| I'm not surprised by your interpretation of a lot of my comment. Coastal/Urban America hasn't had anything resembling a common culture for a lot longer than 8 years now. I'd say that it's been a wholly different place pre- and post- 9/11. Your view of America is limited by your experience of it in the past 8 years. I assure you, it was very very different even just 20 years ago. America pre-social media was a very very different place. We now have at least one (Gen Z), if not two full generations (younger Millenials) of Americans that have grown up with all of their experiences mediated in some form or another in a relatively international post social media landscape. > And a lot of american are not. Believe it or not, this is a pretty recent phenomena. It's only been since the late 90s as best. Hyphenated Americans is about 36 years old. It started with African-American" in about 1989 and didn't spread to others until at least another decade. Go check Google's ngram viewer for "African-American" and see for yourself. Even much of the divisive language we have now is like 15 years old:
https://journals.sagepub.com/doi/10.1177/08944393211031452 A lot of this language coincided with Occupy Wall Street because the powers that be had a vested interest in diverting attention away from a discussion of class in America. I'm a nationalist because I remember back when America largely had a singular identity and it was highly socially unusual to split up into all these sub identities. It still isn't the case for much of small town America and what coastal elites consider flyover country. > But all in all it turned out well. Only because of the Johnson-Reed Immigration Act that allowed a single cohesive identity to form over like 40 years. The history of America is actually pretty messy. > America was never a "high trust culture". Absolutely not true. It was much much higher trust when I first moved here in 1986 (which is 39 years ago, not 29 years ago. I did my math wrong in my comment and just now realized it). > It's interesting that you seem to read the exact opposite of what "e pluribus unum". It's a celebration of differences... This is not at all what it was three decades ago and further back until the origin of the country's founding.
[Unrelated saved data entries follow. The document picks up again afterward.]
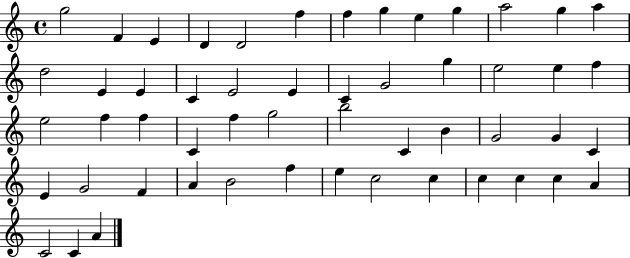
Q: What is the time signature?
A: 4/4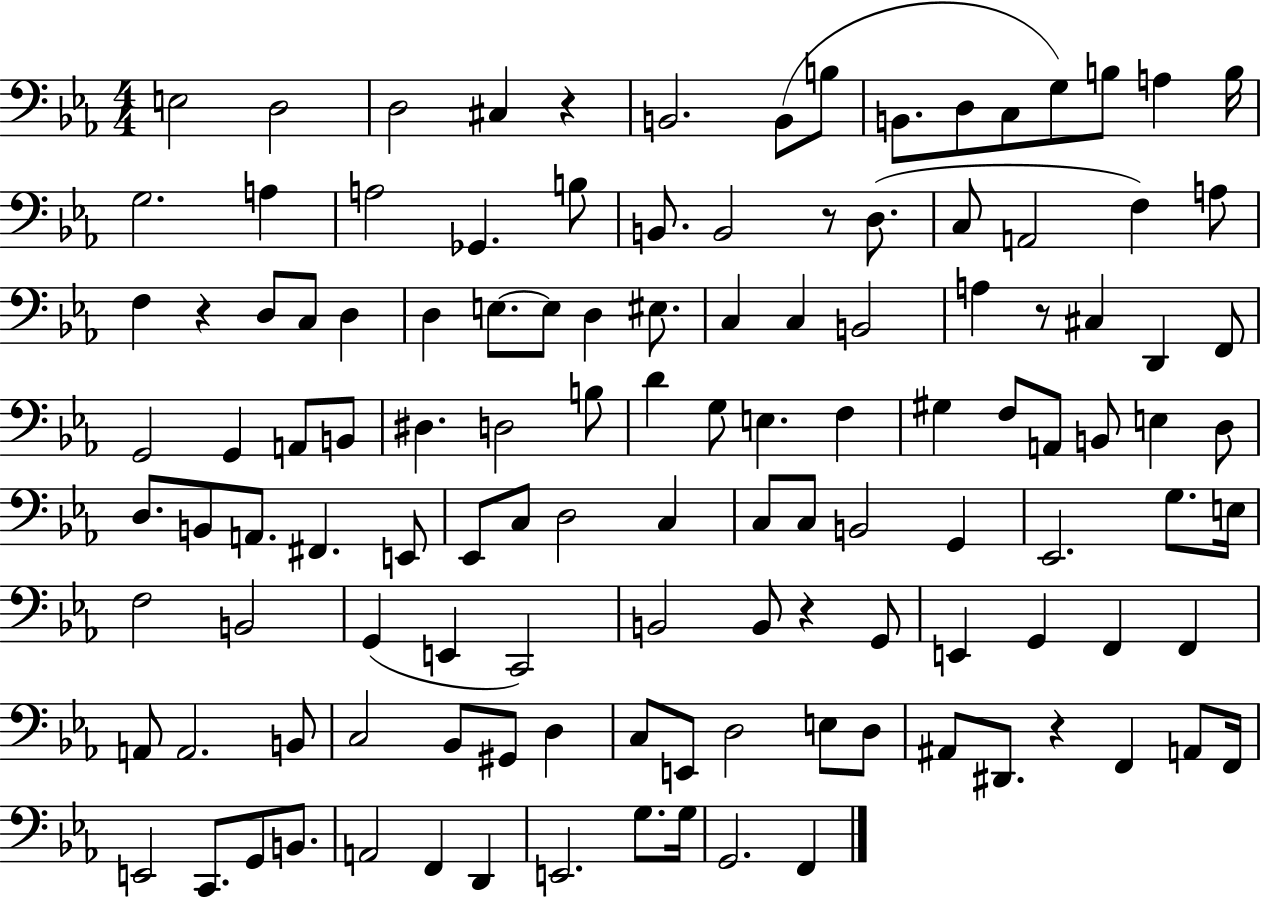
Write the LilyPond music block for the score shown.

{
  \clef bass
  \numericTimeSignature
  \time 4/4
  \key ees \major
  e2 d2 | d2 cis4 r4 | b,2. b,8( b8 | b,8. d8 c8 g8) b8 a4 b16 | \break g2. a4 | a2 ges,4. b8 | b,8. b,2 r8 d8.( | c8 a,2 f4) a8 | \break f4 r4 d8 c8 d4 | d4 e8.~~ e8 d4 eis8. | c4 c4 b,2 | a4 r8 cis4 d,4 f,8 | \break g,2 g,4 a,8 b,8 | dis4. d2 b8 | d'4 g8 e4. f4 | gis4 f8 a,8 b,8 e4 d8 | \break d8. b,8 a,8. fis,4. e,8 | ees,8 c8 d2 c4 | c8 c8 b,2 g,4 | ees,2. g8. e16 | \break f2 b,2 | g,4( e,4 c,2) | b,2 b,8 r4 g,8 | e,4 g,4 f,4 f,4 | \break a,8 a,2. b,8 | c2 bes,8 gis,8 d4 | c8 e,8 d2 e8 d8 | ais,8 dis,8. r4 f,4 a,8 f,16 | \break e,2 c,8. g,8 b,8. | a,2 f,4 d,4 | e,2. g8. g16 | g,2. f,4 | \break \bar "|."
}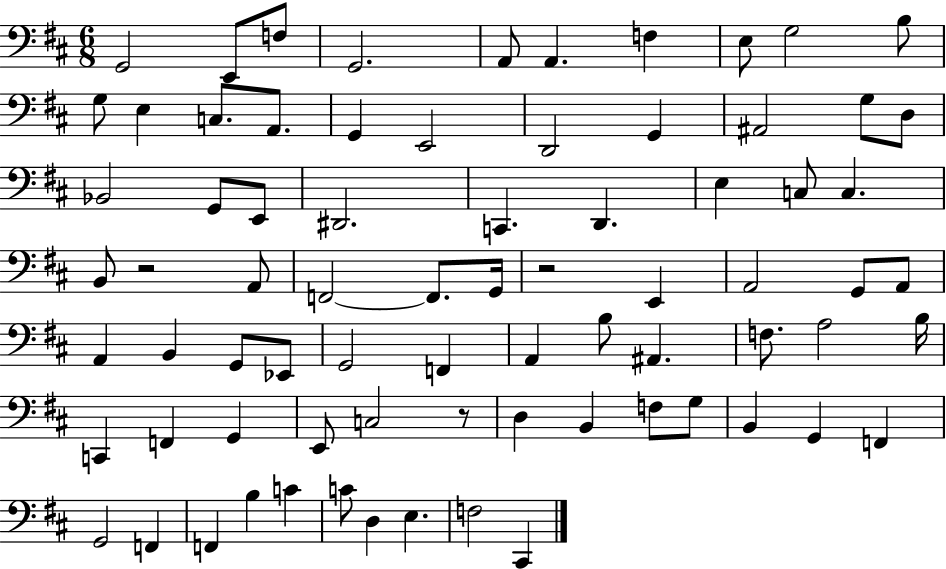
{
  \clef bass
  \numericTimeSignature
  \time 6/8
  \key d \major
  g,2 e,8 f8 | g,2. | a,8 a,4. f4 | e8 g2 b8 | \break g8 e4 c8. a,8. | g,4 e,2 | d,2 g,4 | ais,2 g8 d8 | \break bes,2 g,8 e,8 | dis,2. | c,4. d,4. | e4 c8 c4. | \break b,8 r2 a,8 | f,2~~ f,8. g,16 | r2 e,4 | a,2 g,8 a,8 | \break a,4 b,4 g,8 ees,8 | g,2 f,4 | a,4 b8 ais,4. | f8. a2 b16 | \break c,4 f,4 g,4 | e,8 c2 r8 | d4 b,4 f8 g8 | b,4 g,4 f,4 | \break g,2 f,4 | f,4 b4 c'4 | c'8 d4 e4. | f2 cis,4 | \break \bar "|."
}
It was a celebration of finding commonality despite differences. What you're describing is a complete retcon of what it historically has meant since it was first used on the great seal in 1776. Go watch American classic movies and TV shows from the founding of Hollywood until about 1990. Much of it was highly representative of American culture I experienced in the earlier years when I first moved here. Much much much higher trust than today. |
> Absolutely not true. It was much much higher trust when I first moved here in 1986
I don't believe it, especially given that you're saying this is due to immigration. What do you mean specifically when you say this? Do you mean there was less violent crime? Because that isn't true. Do you mean that there's more ethnic conflict now? That also isn't really true.
America has been characterized largely by the racial conflicts it's had since the 19th century, with there being ethnic violence between whites, Chinese, Irish, blacks, Italians, and others. Though not to the same extent as the 19th century, riots were still happening, e.g. the 1992 LA riots.